İdeal insan veya eskilerin ifadesiyle, meleklere ait vasıflarla serfirâz 'kâmil insan' 'And olsun Biz insanı en güzel biçim ve mahiyette yarattık' meâlindeki âyet veya âyetlerle, maddî-mânevî suret ve şekillerin, en göz alıcısı, en mükemmeli ve tam 'ahsen-i takvîm' sözüne uygun olarak yaratılmış olmayı takdir ve 'Biz emaneti, göklere, yere ve dağlara arzettik.. bunlar onu yüklenmekten kaçındı ve korktular da, onu insan yüklendi...' şeklindeki beyanlarla, görülüp bilinen varlıklar arasında sonsuza kadar yükselmenin tek namzedi ve her şey olmaya müsait istidat ve kabiliyetlerle donatılmış bulunmanın şuurunda ve kendisine bahşedilen ilk mevhibeleri değerlendirmesini bilen basîret ve idrak insanıdır.
Evet o, ilâhî birer lütuf olan ilk mazhariyetlerini değerlendirip, hayatını vahy ve ilhâmların altında sürdürmeye gayret ederek, irâdesinin hakkını verip ve bu ilk ihsanları yediveren başaklar gibi geliştirip ölümsüzleştirebildiği ölçüde kâmil insan olma yoluna girmiş sayılır.

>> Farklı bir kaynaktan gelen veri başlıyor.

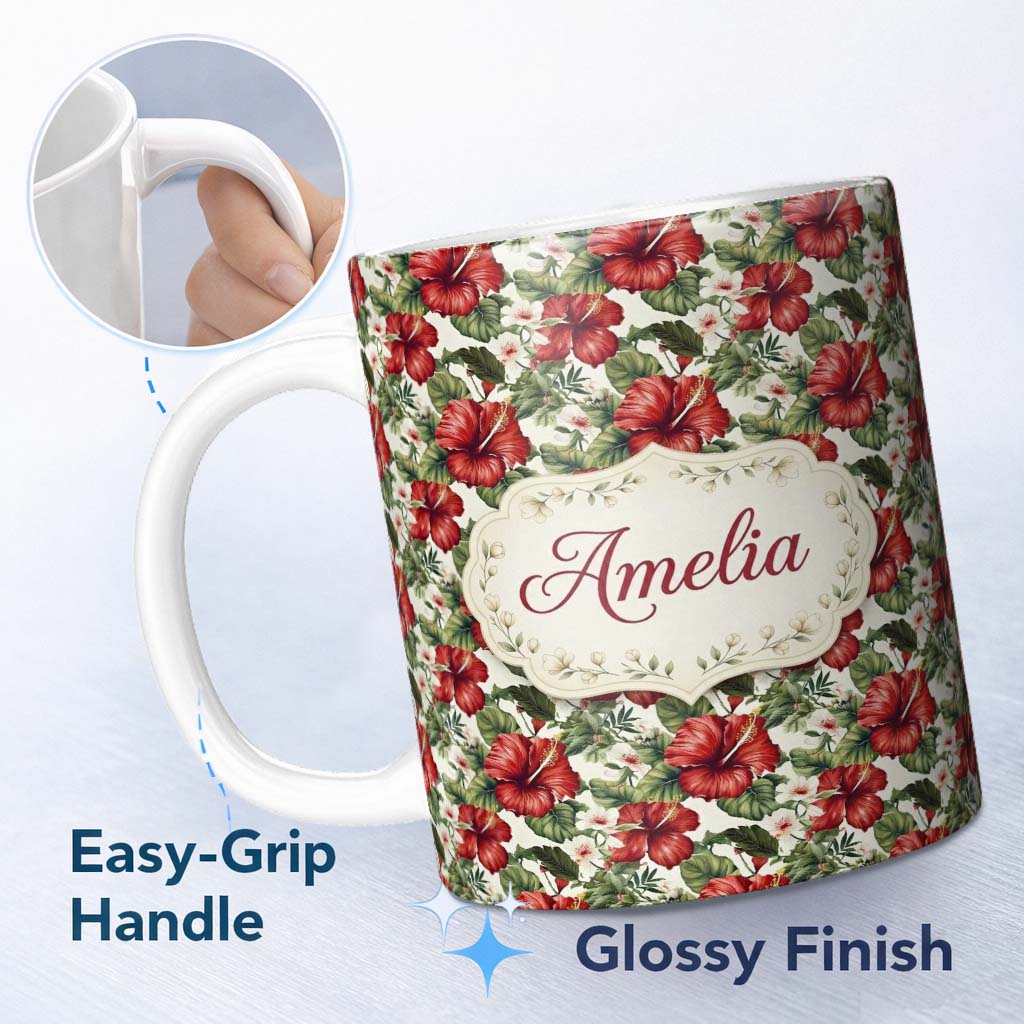 Personalized Custom Name Tropical Red Hibiscus Floral Botanical Seamless Pattern Name Cute 11oz Ceramic Coffee Tea Mug White Large Handle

İdeal insan; 'Hayat nedir, ölüm nedir, varlık nedir, kendisinin varlıkla alâkası nedir, kulluk nedir, itaat nedir, günâh nedir, sevap nedir, musibetler nedir ve bunların insanoğluna musallat olması nedendir?' gibi binbir bilmecenin, onun dimağında anaforlar meydana getirmesine karşılık, vicdanında çakıp duran hikmet parıltılarından, ruhuna akseden ilhâm esintilerinden örüp ortaya koyduğu nurdan helezonların tâ zirvesine yükselerek, oradan her şeyin perde arkası 'melekût'unu sezer, anlar.. sonra da hayret ve hayranlığın hasıl ettiği sevgi ve mehâbetle ruhun ilk kaynağına yönelir ve itminan soluklar. Bu noktaya ulaşmış bir ruh ne ihsanlarla şımarır, ne de mahrumiyetlerle sarsılır. Nimet ile nikmeti, kahr ile lütfu bir tutar, bir görür; başkalarının şımarıp küstahlaştığı, karamsarlaşıp yeisle inlediği aynı anda o, çölde gül bitirmesini, kamıştan şeker çıkarmasını bilir, kaybetme kuşağında dahi sürekli kazanır.

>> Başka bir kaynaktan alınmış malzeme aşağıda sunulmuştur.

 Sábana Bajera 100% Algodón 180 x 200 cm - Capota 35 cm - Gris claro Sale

Evet o, en amansız musibetler karşısında, en ürpertici girdaplar içinde dahi hep, kendini, başarı ve muvaffakiyetlere doğru uzayıp giden upuzun bir imtihan koridorunda yürüyormuş gibi hisseder.. ve en zorlu, en çetin dakikalarında dahi ötelerden gelen huzur ve üns esintilerini ruhunda duyar, Allah'a hamd ve senâ hisleriyle iki büklüm olur.

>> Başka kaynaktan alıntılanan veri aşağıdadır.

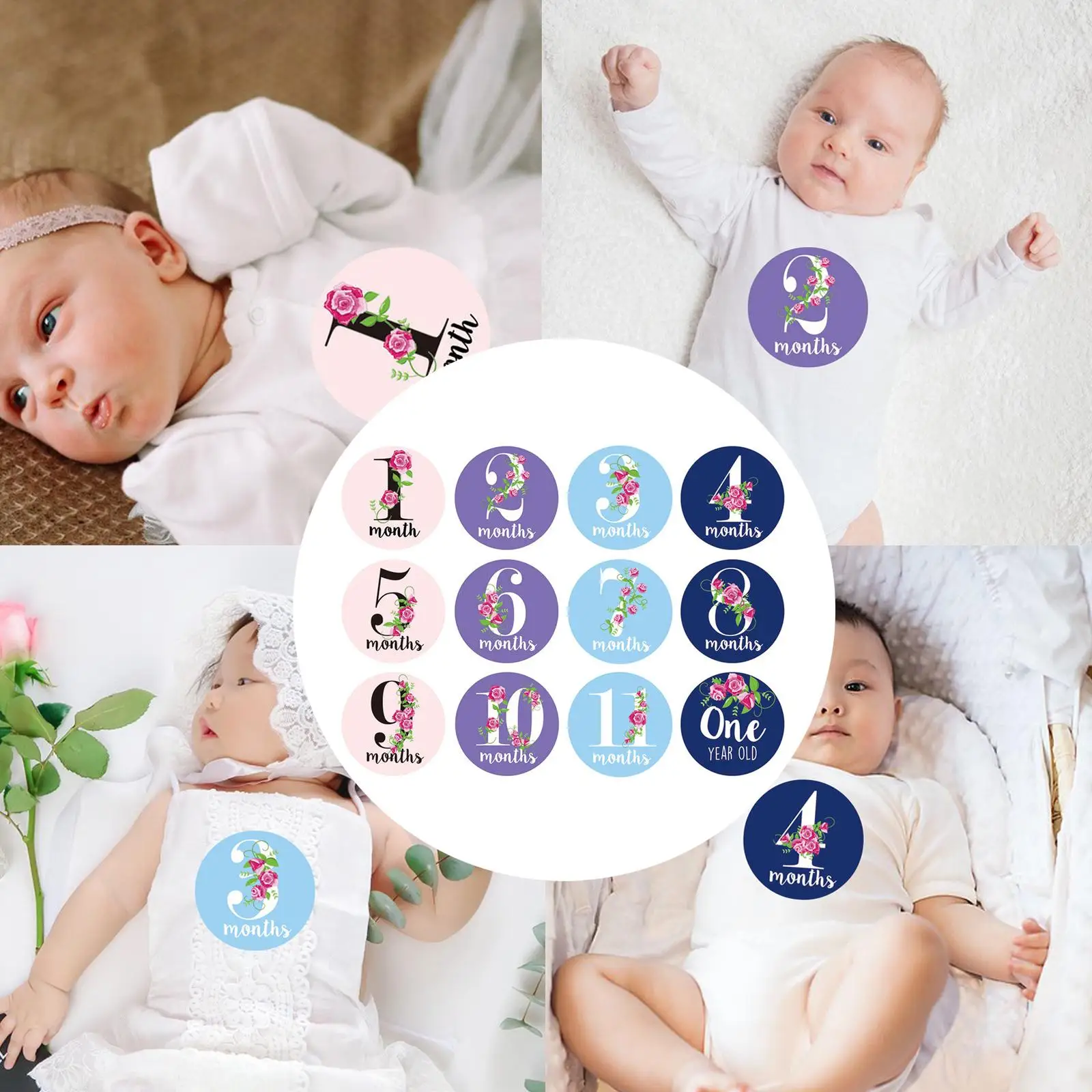 12x Baby Monthly Stickers Month Decals Photo Props Infant   Stickers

İdeal insan, gücü her şeye yeten, sözü her yerede geçen bir Kudret-i Sonsuz'a îmanı sayesinde, her zaman güven ve itminanın en erişilmezine mâlik sayılır.. ve kalbinin derinliklerine doğru kök salmış dupduru inancı; ruh dünyâsına, akıl almaz buudlar kazandıran tasavvur, düşünce ve itikadı onu ihsaslar üstü öyle bir noktaya ulaştırır ki; eğer kendini bu derinliklere âşina bir kulakla dinleyebilse 'Korkma, mahzun olma! Sana söz verilen Cennetlerle neşelen' veya 'Selâm sana! Yapageldiğin güzel işlerin, güzel amellerin mükâfatı olarak gir ebediyet otağı Cennetlere..!' sesini işitecek ve zevklerin en erişilmezini yaşayacaktır.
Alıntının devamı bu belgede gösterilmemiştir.